By Dr. Edward "Ned" Hill and Fran Stewart
President Barack Obama has signaled a new emphasis on the nation’s urban core, going so far as to create a Cabinet-level Office of Urban Policy. Armond Budish, the first Cleveland-area Ohio House Speaker since the 1930s, also seems determined to make urban revitalization a top priority. Given that Ohio is the sole state in which two of its major cities – Cleveland and Cincinnati – repeatedly appear among the nation’s 10 poorest, a serious effort to transform the state’s urban landscape is welcomed news.
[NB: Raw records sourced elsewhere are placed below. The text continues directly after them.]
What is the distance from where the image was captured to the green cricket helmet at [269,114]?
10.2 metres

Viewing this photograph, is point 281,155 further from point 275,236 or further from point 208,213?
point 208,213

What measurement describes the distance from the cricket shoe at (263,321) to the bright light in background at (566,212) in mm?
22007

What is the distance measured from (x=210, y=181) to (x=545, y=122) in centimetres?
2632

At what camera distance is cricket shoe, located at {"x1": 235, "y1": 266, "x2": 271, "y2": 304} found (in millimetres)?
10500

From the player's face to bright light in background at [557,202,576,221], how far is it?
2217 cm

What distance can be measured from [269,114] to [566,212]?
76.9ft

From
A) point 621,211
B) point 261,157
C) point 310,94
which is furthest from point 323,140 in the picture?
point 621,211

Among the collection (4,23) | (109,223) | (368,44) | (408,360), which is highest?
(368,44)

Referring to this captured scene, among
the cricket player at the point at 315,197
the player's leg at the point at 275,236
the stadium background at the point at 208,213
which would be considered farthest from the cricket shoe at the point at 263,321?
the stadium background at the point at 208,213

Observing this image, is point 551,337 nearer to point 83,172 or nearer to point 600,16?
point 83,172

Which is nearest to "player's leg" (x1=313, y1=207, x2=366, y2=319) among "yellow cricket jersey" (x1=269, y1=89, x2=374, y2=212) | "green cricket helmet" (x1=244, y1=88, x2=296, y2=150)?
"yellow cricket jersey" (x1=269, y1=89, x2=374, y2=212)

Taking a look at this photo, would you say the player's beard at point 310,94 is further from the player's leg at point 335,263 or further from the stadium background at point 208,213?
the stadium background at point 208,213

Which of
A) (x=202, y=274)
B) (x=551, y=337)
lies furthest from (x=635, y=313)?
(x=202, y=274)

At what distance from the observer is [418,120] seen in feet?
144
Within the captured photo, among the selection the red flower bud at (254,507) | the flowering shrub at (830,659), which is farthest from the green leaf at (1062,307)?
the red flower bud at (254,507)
However, in their push to tackle the ugly urban issues of poverty, unemployment, crime and foreclosure, political leaders shouldn’t overlook the beauty. What we need today is a New City Beautiful – a model of development that emphasizes urban design and the importance of public spaces as a way of creating and holding value in private places. At Cleveland State University, we have been exploring the important intersection of business, art and culture, particularly as an attraction and neighborhood-building strategy. With this new monthly column, we hope to highlight a broad range of CSU research and activities, as well as draw on the extensive expertise of faculty members at the Levin College of Urban Affairs to frame some of the major issues that the state and region must face. Our first column is dedicated to the vital but too long neglected task of rebuilding downtown.
As fuel prices resume their upward push at the end of this nasty recession and concerns over global warming increasingly influence location choices, people will become more and more open to returning to urban areas. The cities that will emerge as winners will be those that offer a rich, diverse environment in which to work, live, play, and build community. People are poised to accept the New City Beautiful.
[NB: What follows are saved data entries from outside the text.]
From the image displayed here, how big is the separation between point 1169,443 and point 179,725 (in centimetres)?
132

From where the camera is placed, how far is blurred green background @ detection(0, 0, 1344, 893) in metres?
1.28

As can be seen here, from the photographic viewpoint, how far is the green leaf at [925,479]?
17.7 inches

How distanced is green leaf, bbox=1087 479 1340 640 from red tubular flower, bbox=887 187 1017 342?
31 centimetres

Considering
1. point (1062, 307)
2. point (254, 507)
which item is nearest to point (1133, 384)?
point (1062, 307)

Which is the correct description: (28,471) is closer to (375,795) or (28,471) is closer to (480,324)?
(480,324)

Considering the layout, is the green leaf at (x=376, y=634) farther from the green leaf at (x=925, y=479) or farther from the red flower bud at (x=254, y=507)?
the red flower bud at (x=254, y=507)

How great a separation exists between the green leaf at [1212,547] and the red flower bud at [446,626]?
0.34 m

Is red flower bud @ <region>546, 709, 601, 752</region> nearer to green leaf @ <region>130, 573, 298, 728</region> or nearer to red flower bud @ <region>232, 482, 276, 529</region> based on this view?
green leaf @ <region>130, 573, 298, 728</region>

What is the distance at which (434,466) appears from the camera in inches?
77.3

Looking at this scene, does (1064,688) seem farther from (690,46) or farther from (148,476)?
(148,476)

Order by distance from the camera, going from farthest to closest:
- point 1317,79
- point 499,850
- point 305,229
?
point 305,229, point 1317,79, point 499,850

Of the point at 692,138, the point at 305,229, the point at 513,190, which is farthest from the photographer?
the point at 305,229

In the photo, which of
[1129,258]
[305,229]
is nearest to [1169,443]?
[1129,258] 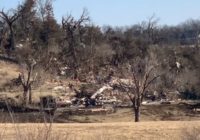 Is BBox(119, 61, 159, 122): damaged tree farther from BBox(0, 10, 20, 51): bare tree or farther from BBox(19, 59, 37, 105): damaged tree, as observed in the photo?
BBox(0, 10, 20, 51): bare tree

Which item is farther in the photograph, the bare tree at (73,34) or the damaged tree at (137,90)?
the bare tree at (73,34)

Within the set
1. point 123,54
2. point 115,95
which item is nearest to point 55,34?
point 123,54

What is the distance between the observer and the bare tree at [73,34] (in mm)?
79700

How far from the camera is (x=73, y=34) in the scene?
3339 inches

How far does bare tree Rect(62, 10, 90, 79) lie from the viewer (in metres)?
79.7

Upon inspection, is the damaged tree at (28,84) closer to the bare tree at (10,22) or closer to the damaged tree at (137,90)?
the damaged tree at (137,90)

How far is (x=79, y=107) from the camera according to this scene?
2229 inches

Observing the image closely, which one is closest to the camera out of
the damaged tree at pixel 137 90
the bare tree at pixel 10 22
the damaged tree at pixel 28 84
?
the damaged tree at pixel 137 90

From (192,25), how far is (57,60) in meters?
76.7

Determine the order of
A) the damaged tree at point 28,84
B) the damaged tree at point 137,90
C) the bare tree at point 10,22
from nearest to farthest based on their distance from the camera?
1. the damaged tree at point 137,90
2. the damaged tree at point 28,84
3. the bare tree at point 10,22

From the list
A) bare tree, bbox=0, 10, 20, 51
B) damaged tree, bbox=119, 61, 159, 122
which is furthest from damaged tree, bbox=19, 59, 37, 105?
bare tree, bbox=0, 10, 20, 51

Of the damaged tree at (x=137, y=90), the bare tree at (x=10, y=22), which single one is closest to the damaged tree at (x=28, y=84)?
the damaged tree at (x=137, y=90)

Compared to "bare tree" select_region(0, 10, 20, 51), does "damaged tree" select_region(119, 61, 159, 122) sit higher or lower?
lower

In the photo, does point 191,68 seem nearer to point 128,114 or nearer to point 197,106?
point 197,106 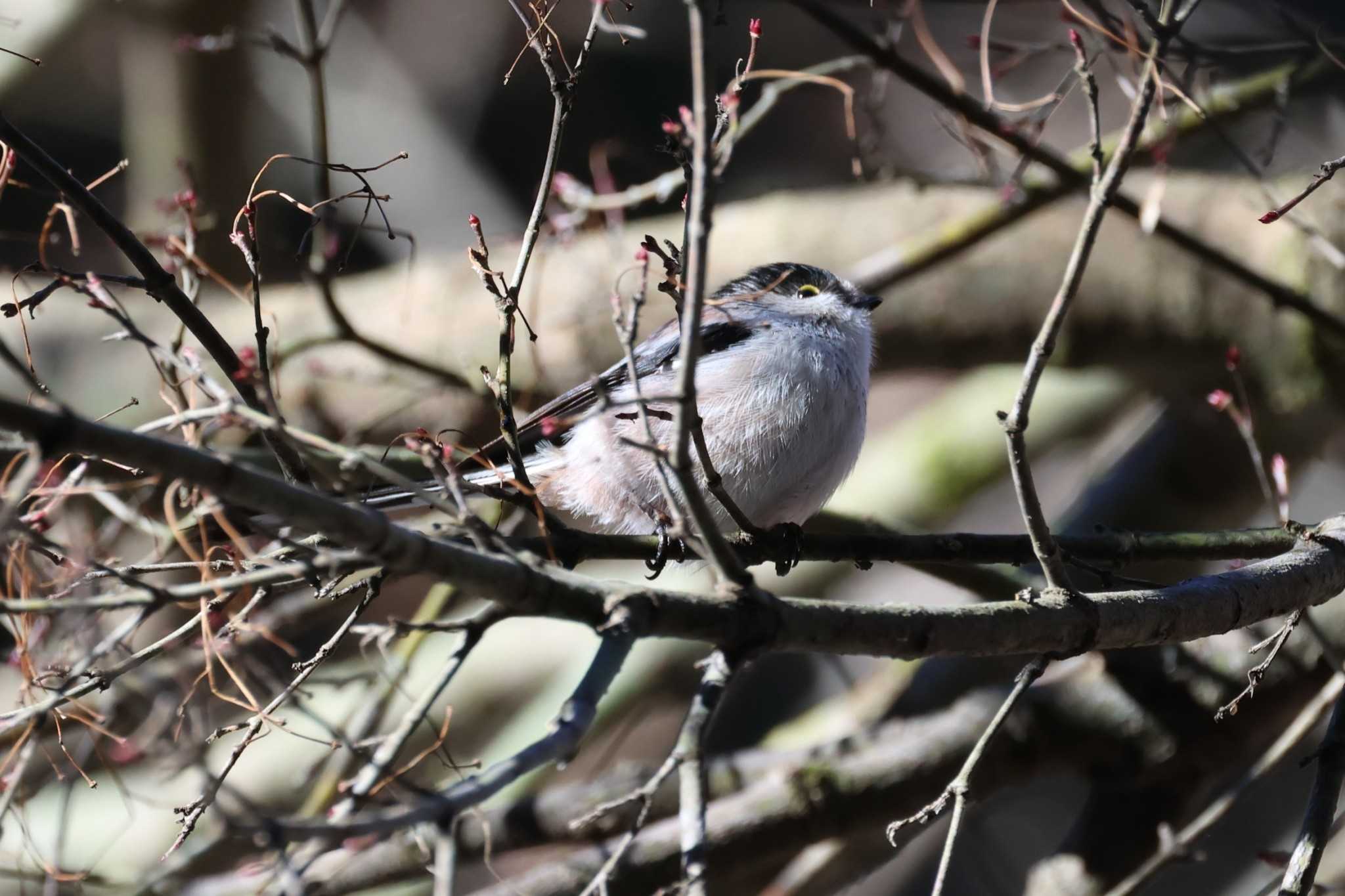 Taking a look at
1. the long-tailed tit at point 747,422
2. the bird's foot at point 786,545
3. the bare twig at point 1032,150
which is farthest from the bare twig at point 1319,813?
the long-tailed tit at point 747,422

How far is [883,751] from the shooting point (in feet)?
12.4

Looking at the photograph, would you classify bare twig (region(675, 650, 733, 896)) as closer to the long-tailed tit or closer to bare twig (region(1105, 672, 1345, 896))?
the long-tailed tit

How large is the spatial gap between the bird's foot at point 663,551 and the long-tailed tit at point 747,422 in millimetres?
292

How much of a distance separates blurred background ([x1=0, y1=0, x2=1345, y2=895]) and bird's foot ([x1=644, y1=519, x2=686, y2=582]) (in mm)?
760

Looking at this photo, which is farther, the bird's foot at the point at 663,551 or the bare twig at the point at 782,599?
the bird's foot at the point at 663,551

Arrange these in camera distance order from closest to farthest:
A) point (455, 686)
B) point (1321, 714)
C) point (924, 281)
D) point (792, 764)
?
point (1321, 714) < point (792, 764) < point (924, 281) < point (455, 686)

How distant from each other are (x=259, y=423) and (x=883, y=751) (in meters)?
2.72

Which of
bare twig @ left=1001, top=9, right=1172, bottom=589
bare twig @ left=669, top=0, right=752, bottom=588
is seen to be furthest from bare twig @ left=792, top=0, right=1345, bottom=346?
bare twig @ left=669, top=0, right=752, bottom=588

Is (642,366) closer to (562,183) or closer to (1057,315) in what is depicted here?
(562,183)

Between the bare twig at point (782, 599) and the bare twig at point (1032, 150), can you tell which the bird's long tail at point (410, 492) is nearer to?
the bare twig at point (782, 599)

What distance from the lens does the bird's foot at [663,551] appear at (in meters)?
2.47

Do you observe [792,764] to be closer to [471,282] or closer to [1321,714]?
[1321,714]

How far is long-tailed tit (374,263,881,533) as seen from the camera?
3.04m

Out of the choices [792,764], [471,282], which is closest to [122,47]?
[471,282] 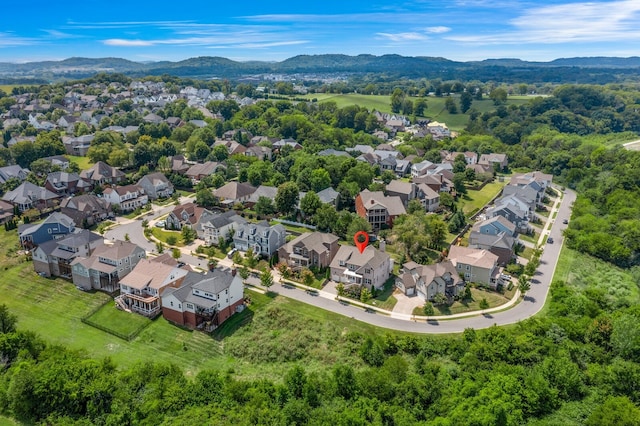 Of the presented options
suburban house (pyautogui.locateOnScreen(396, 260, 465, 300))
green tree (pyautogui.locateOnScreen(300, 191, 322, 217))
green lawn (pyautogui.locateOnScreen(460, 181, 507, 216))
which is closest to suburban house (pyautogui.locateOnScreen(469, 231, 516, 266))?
suburban house (pyautogui.locateOnScreen(396, 260, 465, 300))

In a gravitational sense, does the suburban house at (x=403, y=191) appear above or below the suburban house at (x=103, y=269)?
above

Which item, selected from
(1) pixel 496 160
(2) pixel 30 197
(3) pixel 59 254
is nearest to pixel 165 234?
(3) pixel 59 254

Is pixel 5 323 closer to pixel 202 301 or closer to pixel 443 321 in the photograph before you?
pixel 202 301

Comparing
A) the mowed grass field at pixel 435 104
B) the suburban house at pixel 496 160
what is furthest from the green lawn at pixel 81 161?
the mowed grass field at pixel 435 104

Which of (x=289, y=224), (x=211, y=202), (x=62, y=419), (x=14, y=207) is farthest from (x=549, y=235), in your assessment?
(x=14, y=207)

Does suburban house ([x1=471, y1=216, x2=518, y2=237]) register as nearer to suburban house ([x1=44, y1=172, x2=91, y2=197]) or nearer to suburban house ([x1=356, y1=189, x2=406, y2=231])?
suburban house ([x1=356, y1=189, x2=406, y2=231])

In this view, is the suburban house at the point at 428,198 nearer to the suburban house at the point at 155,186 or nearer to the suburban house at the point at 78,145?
the suburban house at the point at 155,186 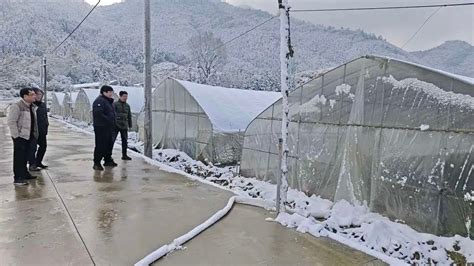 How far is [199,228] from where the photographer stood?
421cm

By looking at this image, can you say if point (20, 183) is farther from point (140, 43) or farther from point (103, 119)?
point (140, 43)

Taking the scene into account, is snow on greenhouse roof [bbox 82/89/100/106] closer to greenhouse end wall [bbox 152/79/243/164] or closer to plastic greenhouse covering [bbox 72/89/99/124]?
plastic greenhouse covering [bbox 72/89/99/124]

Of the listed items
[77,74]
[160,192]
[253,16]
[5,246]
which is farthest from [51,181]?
[253,16]

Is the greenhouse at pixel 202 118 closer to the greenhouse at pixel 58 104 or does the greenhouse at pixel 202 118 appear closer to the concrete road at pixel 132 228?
the concrete road at pixel 132 228

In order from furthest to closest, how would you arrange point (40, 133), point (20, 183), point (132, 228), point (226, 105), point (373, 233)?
point (226, 105)
point (40, 133)
point (20, 183)
point (373, 233)
point (132, 228)

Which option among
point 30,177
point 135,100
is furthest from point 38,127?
point 135,100

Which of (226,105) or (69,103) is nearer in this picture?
(226,105)

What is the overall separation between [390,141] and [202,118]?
257 inches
The New City Beautiful has to be less elitist than its century-old predecessor. The New City Beautiful has to be less about grand buildings in grand settings and more about public spaces that work for people. The New City Beautiful should be about building neighborhoods, especially every region’s most important neighborhood – its downtown. Downtowns need to be revitalized as premier live-work neighborhoods of regions. The development community today is focused on the role of anchor institutions in securing the future of cities. In Cleveland, we are stumbling on a different formula: blending anchor institutions, mainly employers, with anchor amenities to create neighborhoods of distinction. University Circle is more than a cluster of employers and cultural institutions; it is also Wade Oval and the green of Case Western Reserve University’s campus, coupled with the museums. Cleveland’s downtown can revolve around its anchor amenities as well – the lake, river, Playhouse Square and, most importantly, a revitalized streetscape that integrates these amenities with existing anchor institutions to produce a neighborhood that moves from the current population of 10,000 to Mayor Frank Jackson’s goal of 25,000 to an eventual population of nearly 40,000 residents.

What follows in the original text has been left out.